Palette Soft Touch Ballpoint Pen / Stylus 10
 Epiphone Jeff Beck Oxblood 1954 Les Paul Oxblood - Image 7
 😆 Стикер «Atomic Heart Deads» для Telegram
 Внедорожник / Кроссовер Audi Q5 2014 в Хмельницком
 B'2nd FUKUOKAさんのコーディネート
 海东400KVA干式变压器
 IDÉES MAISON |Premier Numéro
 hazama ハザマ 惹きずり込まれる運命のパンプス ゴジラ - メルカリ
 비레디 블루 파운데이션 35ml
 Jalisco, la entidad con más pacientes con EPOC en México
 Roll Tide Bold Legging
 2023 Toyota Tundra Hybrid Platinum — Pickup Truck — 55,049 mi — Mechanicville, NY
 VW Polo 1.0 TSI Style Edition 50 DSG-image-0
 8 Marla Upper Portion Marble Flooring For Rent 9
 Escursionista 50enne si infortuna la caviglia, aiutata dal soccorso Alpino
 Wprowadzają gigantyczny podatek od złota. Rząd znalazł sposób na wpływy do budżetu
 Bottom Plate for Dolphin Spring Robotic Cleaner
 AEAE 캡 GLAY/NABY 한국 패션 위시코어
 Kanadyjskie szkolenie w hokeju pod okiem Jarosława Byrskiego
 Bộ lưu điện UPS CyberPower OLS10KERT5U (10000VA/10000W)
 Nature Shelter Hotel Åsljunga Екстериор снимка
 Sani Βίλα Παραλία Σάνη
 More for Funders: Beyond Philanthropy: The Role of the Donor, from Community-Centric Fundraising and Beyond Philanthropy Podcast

################

#### Brief
Send back exactly the lines of the listing above starting at the one with "hazama ハザマ 惹きずり込まれる運命のパンプス ゴジラ - メルカリ" and ending at the one with "Wprowadzają gigantyczny podatek", inclusive, and no others.

#### Written answer
 hazama ハザマ 惹きずり込まれる運命のパンプス ゴジラ - メルカリ
 비레디 블루 파운데이션 35ml
 Jalisco, la entidad con más pacientes con EPOC en México
 Roll Tide Bold Legging
 2023 Toyota Tundra Hybrid Platinum — Pickup Truck — 55,049 mi — Mechanicville, NY
 VW Polo 1.0 TSI Style Edition 50 DSG-image-0
 8 Marla Upper Portion Marble Flooring For Rent 9
 Escursionista 50enne si infortuna la caviglia, aiutata dal soccorso Alpino
 Wprowadzają gigantyczny podatek od złota. Rząd znalazł sposób na wpływy do budżetu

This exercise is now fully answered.